**Data provided**
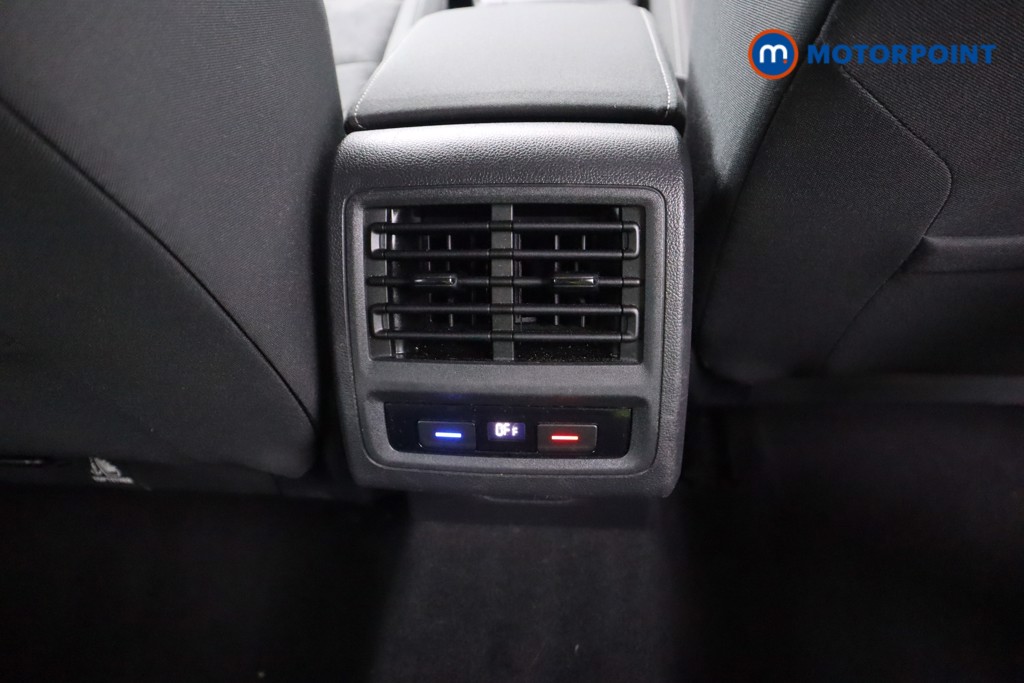 Volkswagen Golf Style Manual Petrol Hatchback - Stock Number (1575498) - 17th supplementary image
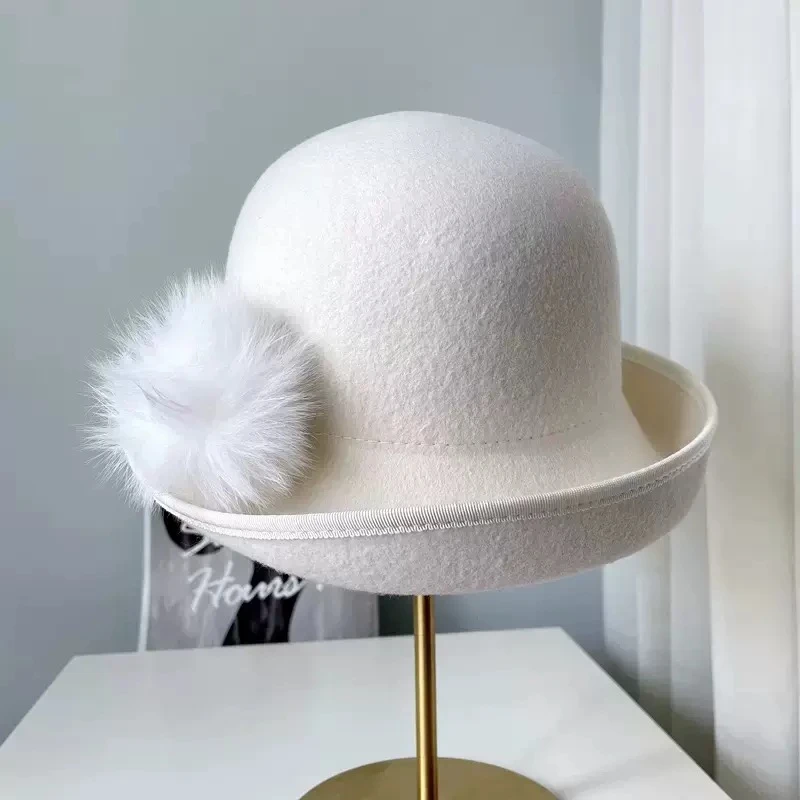 

Women's Autumn/Winter French Style Beret - Elegant Wool Hat (54-58cm) with Round Top, Pom-pom & Curved Brim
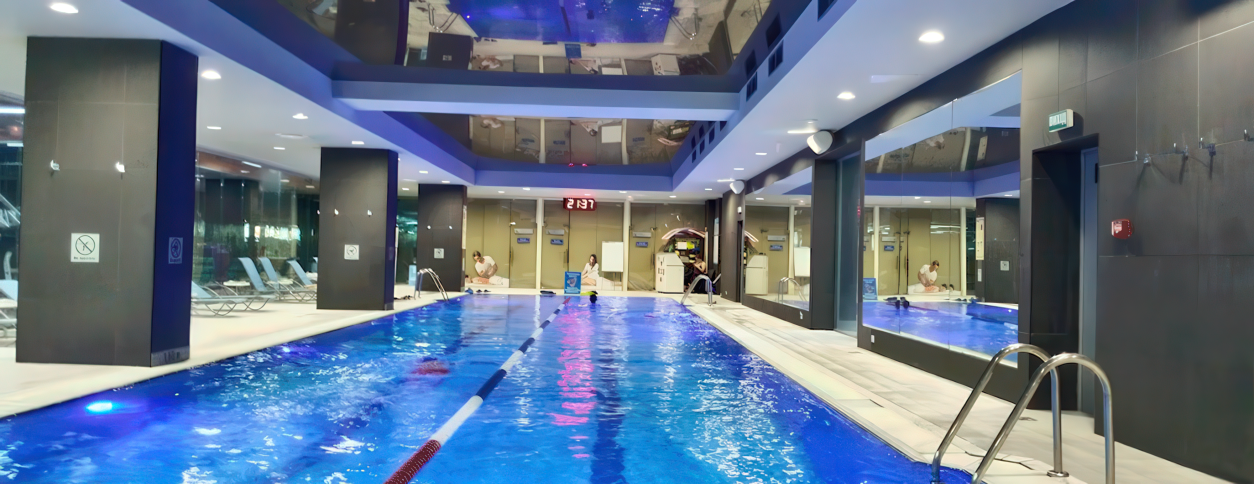 Бассейн Спорт Лайф на Льва Толстого Киев фото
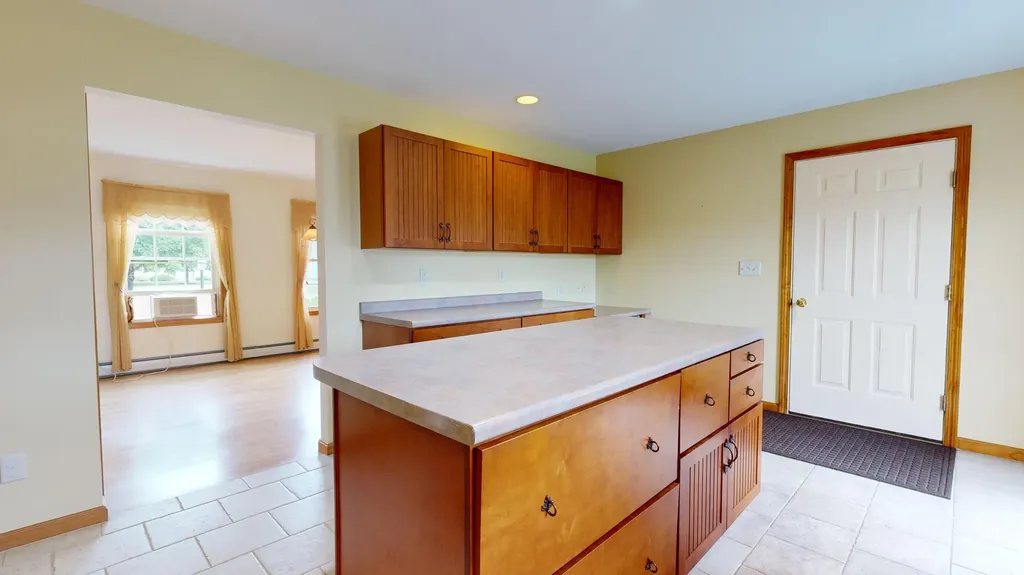 14 Amethyst Circle Auburn ME 04210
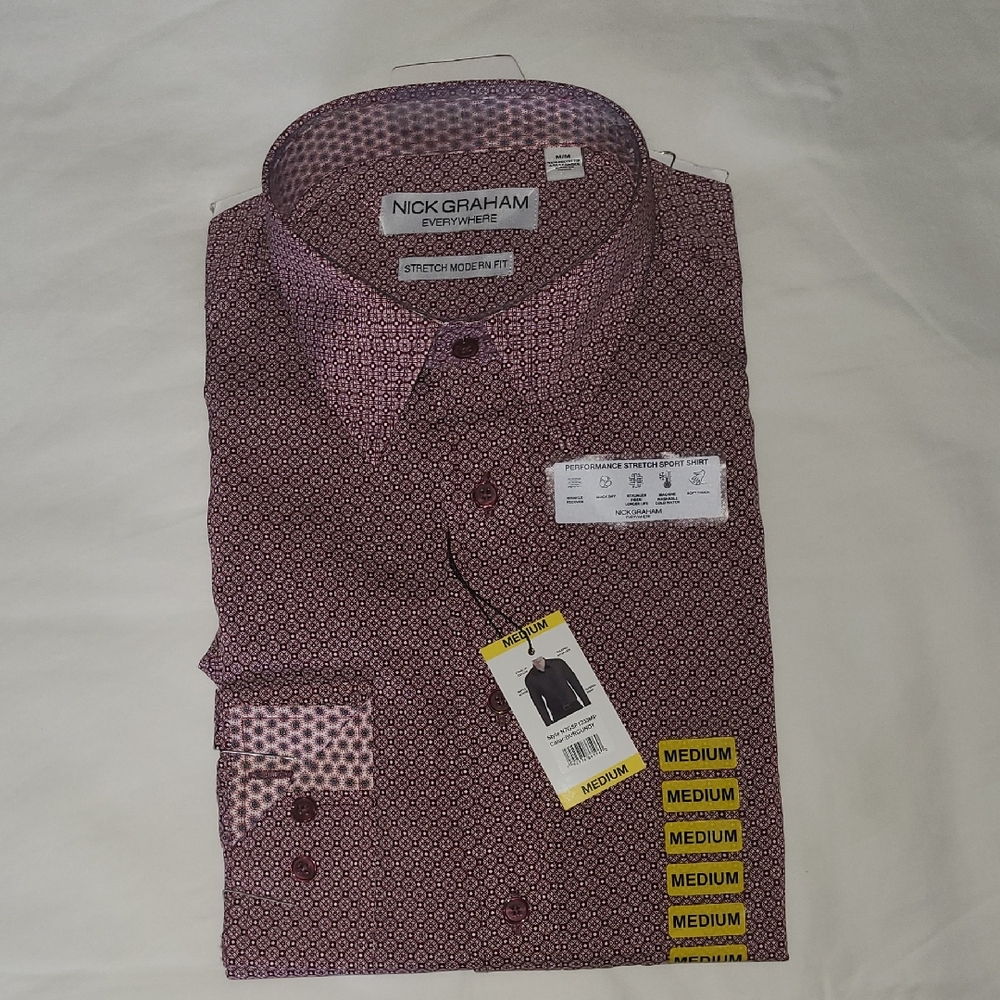 Red Dress Shirt with Geometric Pattern and Pointed Collar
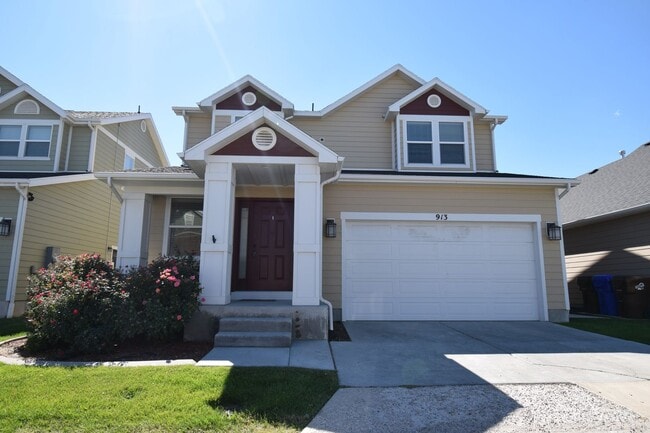 5 Bed 3.5 Bath House next to TopGolf!!! - 5 Bed 3.5 Bath House next to TopGolf!!!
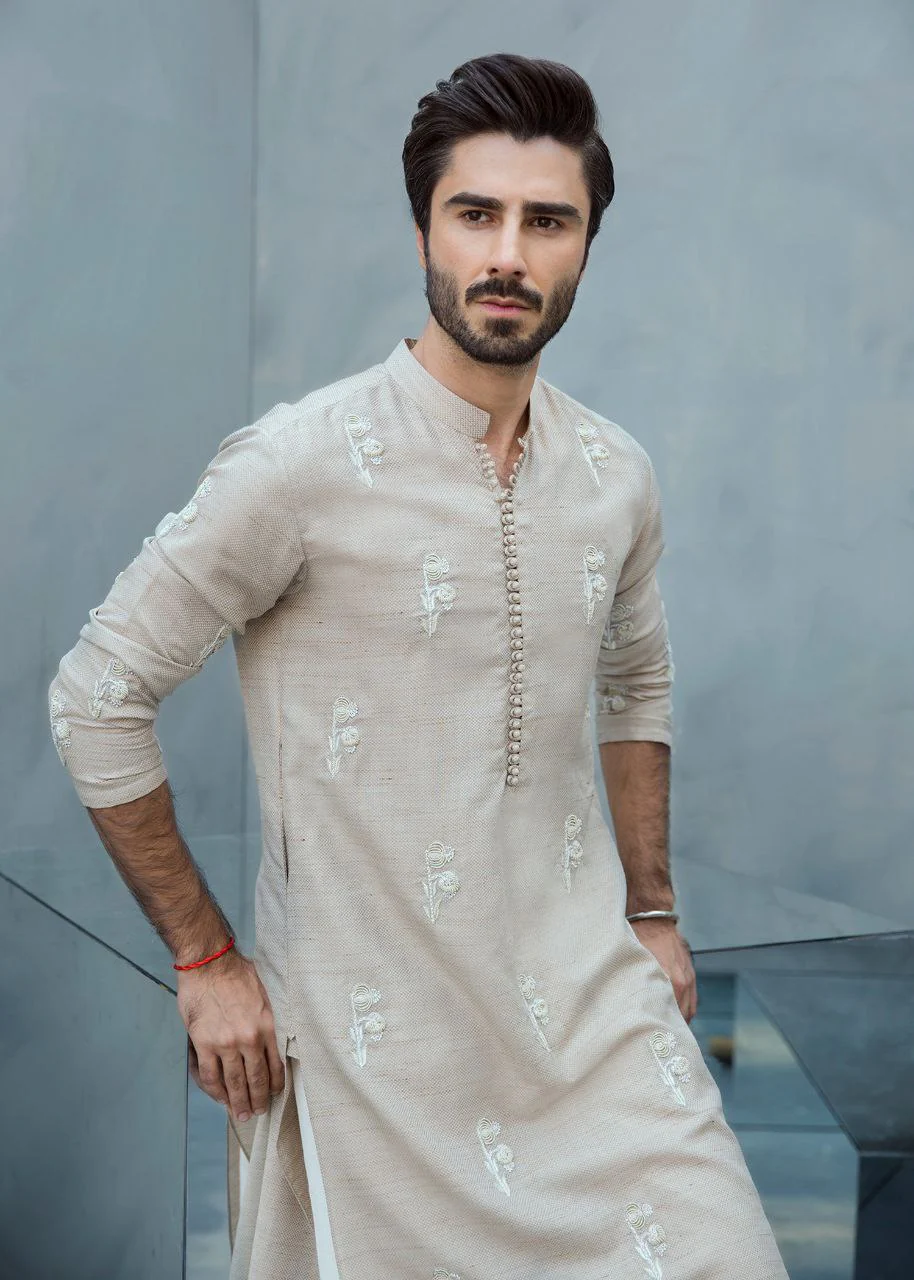 Floral Motifs Embroidered Work Men's Kurta with Pajama - Image 2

**Assignment**
Find the line with "14 Amethyst Circle Auburn ME 04210" in the listing above, then write it out along with every later line through the last one, exactly, omitting pictures.

**Response**
 14 Amethyst Circle Auburn ME 04210
 Red Dress Shirt with Geometric Pattern and Pointed Collar
 5 Bed 3.5 Bath House next to TopGolf!!! - 5 Bed 3.5 Bath House next to TopGolf!!!
 Floral Motifs Embroidered Work Men's Kurta with Pajama - Image 2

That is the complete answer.